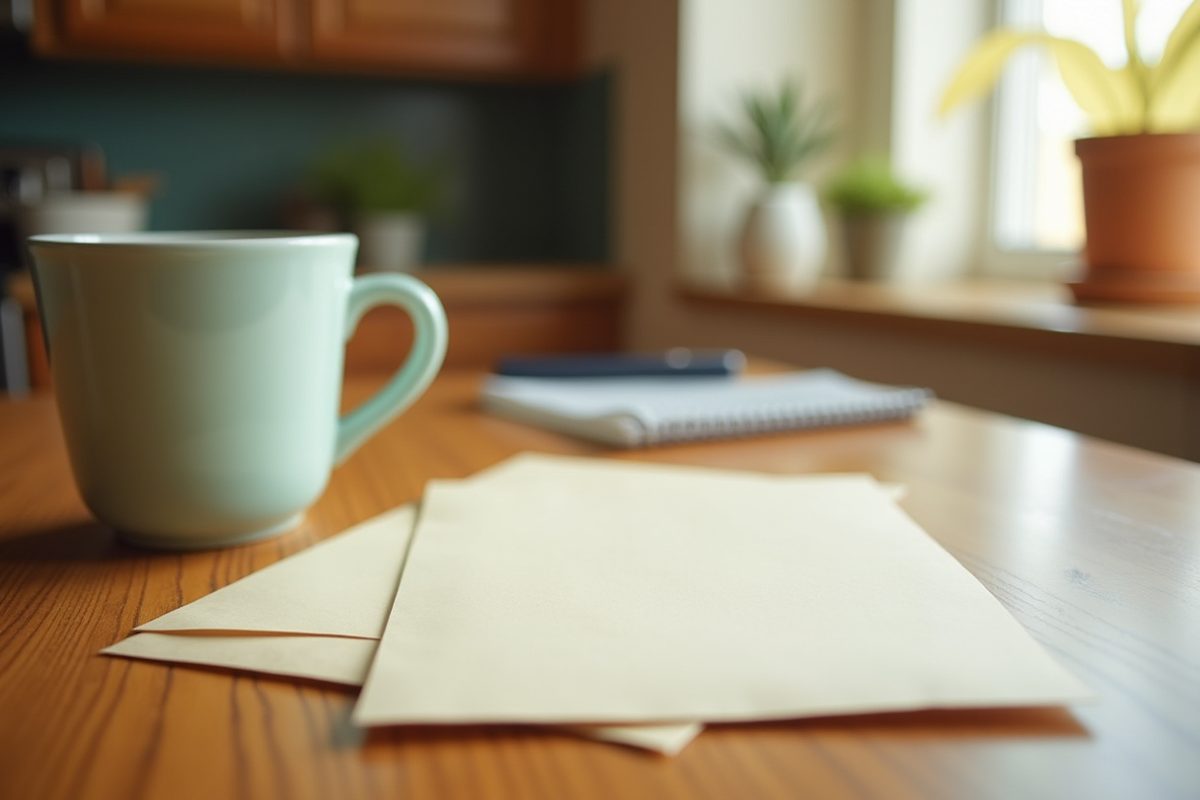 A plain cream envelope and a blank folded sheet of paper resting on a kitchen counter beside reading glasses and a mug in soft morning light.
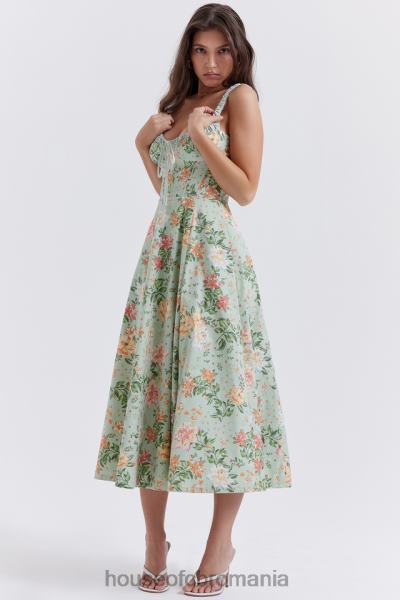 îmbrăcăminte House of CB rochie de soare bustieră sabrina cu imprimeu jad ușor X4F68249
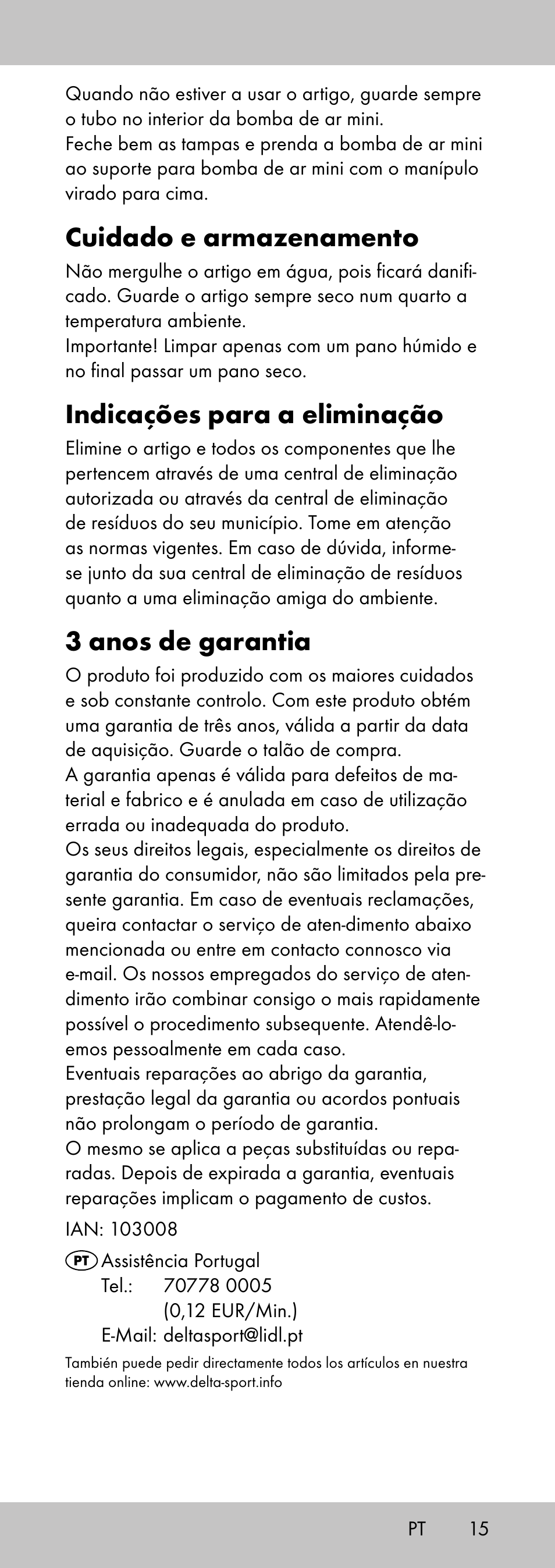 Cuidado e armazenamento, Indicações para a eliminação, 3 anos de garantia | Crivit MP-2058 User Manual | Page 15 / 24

--

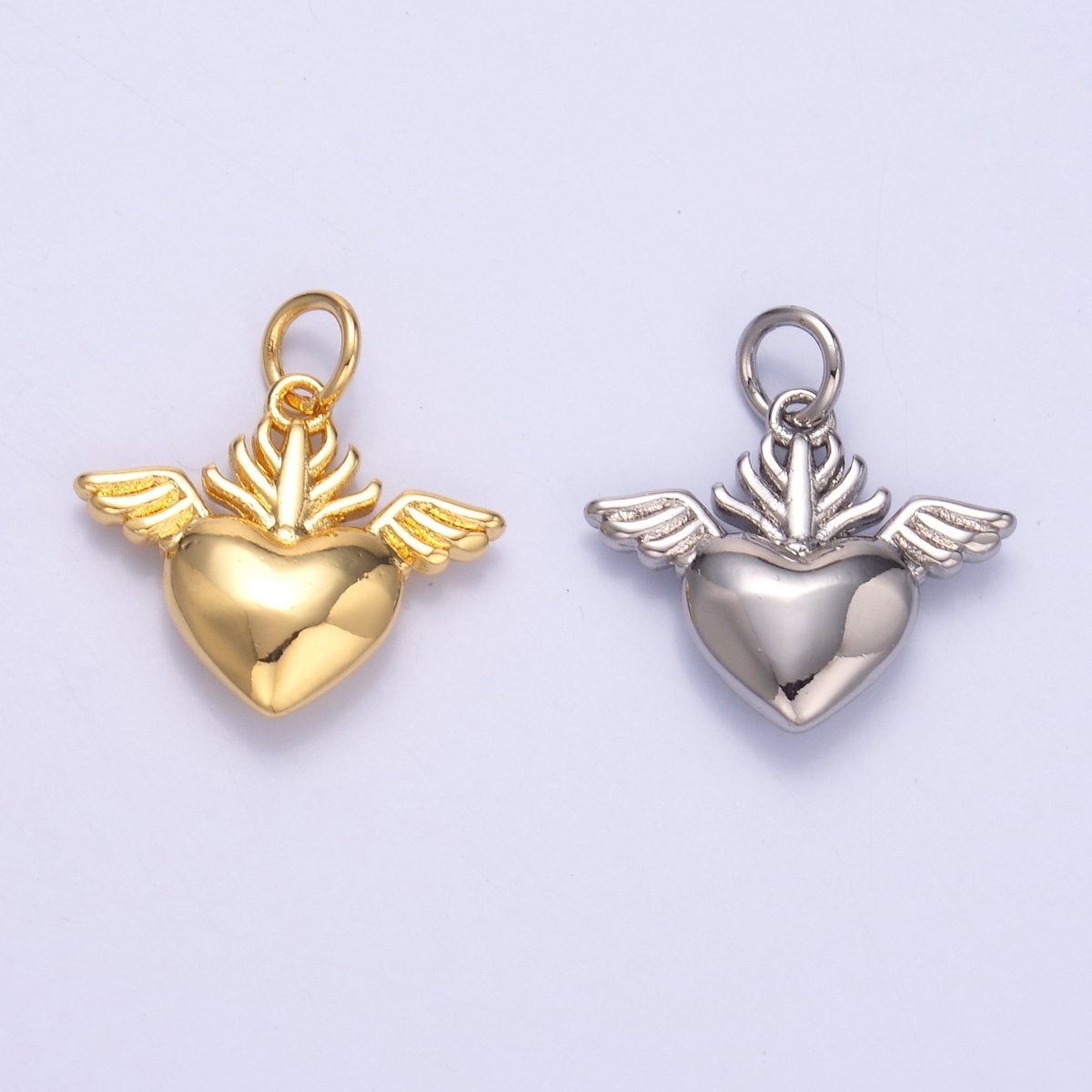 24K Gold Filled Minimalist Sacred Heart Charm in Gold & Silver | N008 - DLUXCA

* * *

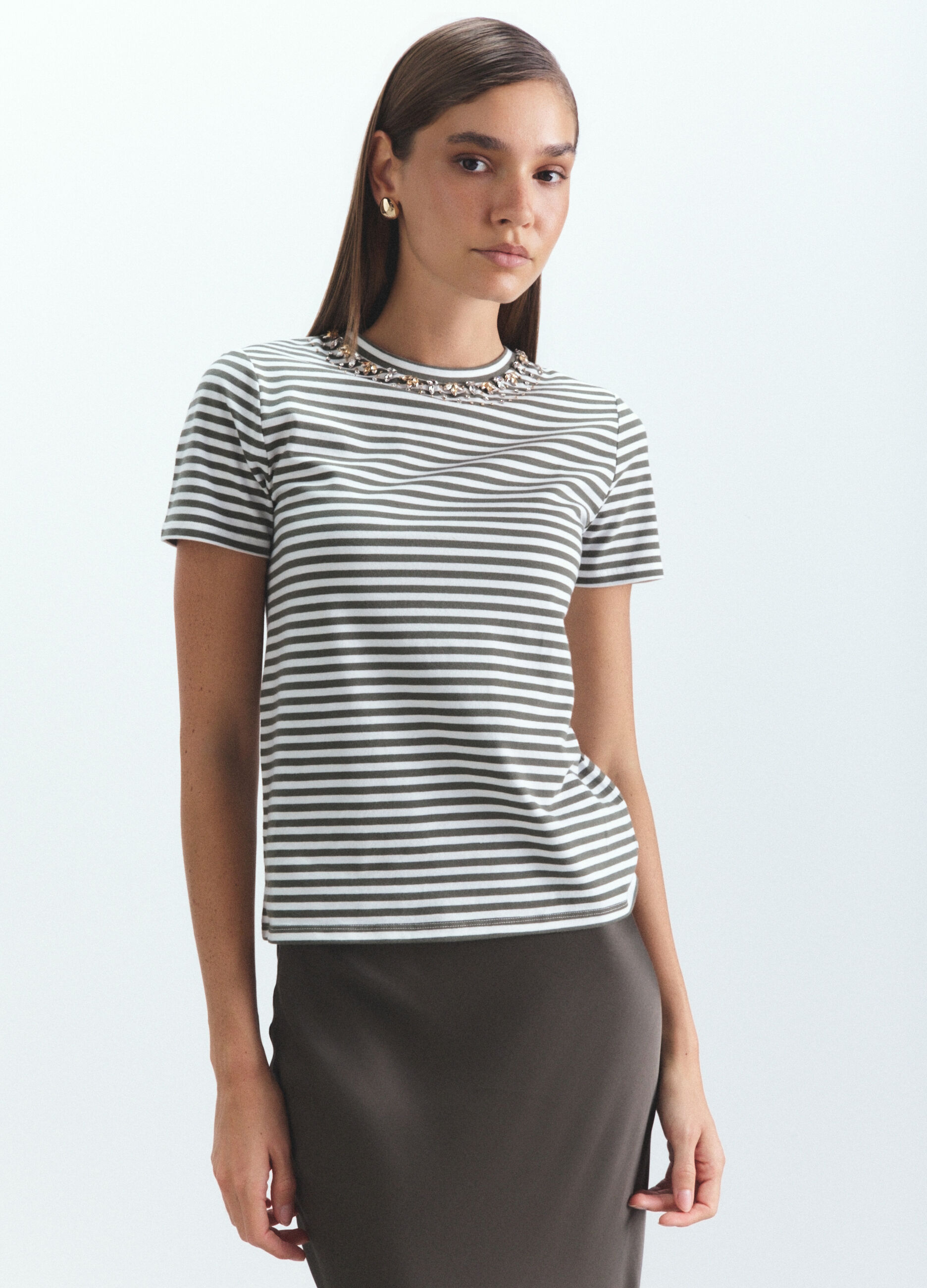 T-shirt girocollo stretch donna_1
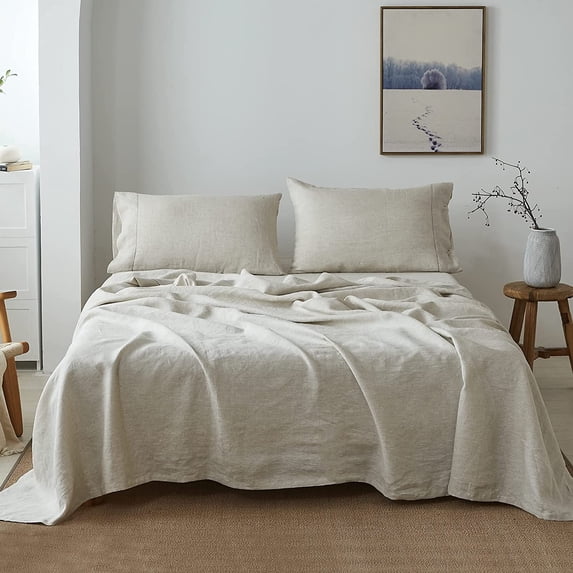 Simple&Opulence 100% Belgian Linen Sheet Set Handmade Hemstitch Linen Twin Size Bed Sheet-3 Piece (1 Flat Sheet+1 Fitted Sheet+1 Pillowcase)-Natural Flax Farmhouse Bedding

Work task
Reproduce exactly the lines above that run from the one with "îmbrăcăminte House of" to the one with "Cuidado e armazenamento, Indicações", both included, leaving pictures out.

Result below
 îmbrăcăminte House of CB rochie de soare bustieră sabrina cu imprimeu jad ușor X4F68249
 Cuidado e armazenamento, Indicações para a eliminação, 3 anos de garantia | Crivit MP-2058 User Manual | Page 15 / 24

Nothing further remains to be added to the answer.